Abstract

Acridine orange-sensitized photoinactivation of tobacco mosaic virus and tobacco mosaic virus-ribonucleic acid has been studied in detail. The intact virus is only partially inactivated by acridine orange even at 10 −5 M acridine orange. Tobacco mosaic virus-ribonucleic acid inactivation by acridine orange has been studied from the standpoint of the ribonucleic acid-dye complexes (Complex I and Complex II), and the ternary complex of ribonucleic acid-dye and metal ions (Complex III).

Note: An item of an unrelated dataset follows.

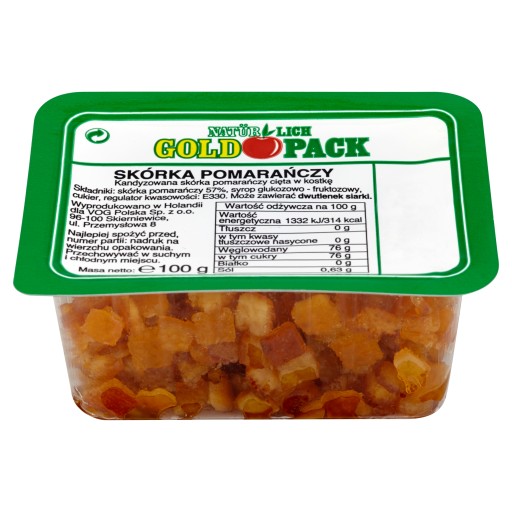 Gold Pack Pomarančová kôra 100 g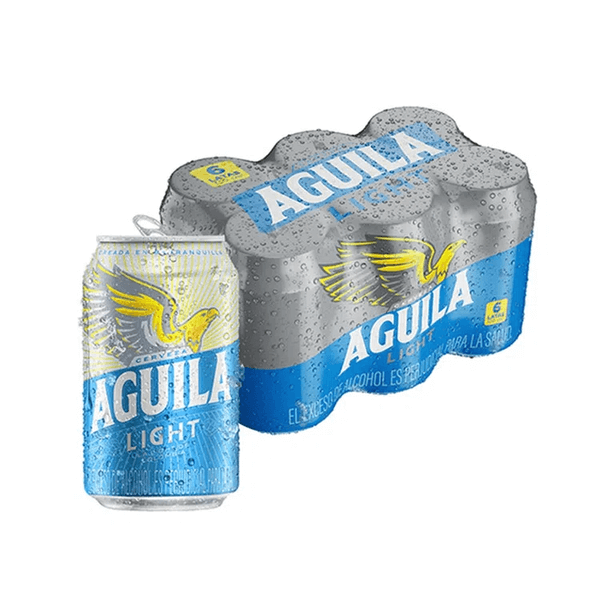 SIX PACK CERVEZA AGUILA LIGHT LATA 330ML – Verbena Licores Medellin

Tobacco mosaic virus-ribonucleic acid infectivity was destroyed with first-order kinetics by low levels of acridine orange (Complex II). “Complex III”, formed in the presence of paramagnetic metal ions, was resistant to photodynamic inactivation, the protection by metal ions being linear with respect to concentration of the metal ions. A comparison of the photosensitization by methylene blue and acridine orange with respect to tobacco mosaic virus-ribonucleic acid and free guanosine showed that, while acridine orange was only 5–6 times less active than methylene blue with ribonucleic acid, it was considerably less efficient in destroying guanosine. Sedimentation studies with acridine orange-inactivated tobacco mosaic virus-ribonucleic acid showed that mild conditions leading to measurable loss of infectivity involve no depolymerization of tobacco mosaic virus-ribonucleic acid which sets in only under more severe conditions. The results have been discussed from the standpoint of the mechanisms of photodynamic inactivation.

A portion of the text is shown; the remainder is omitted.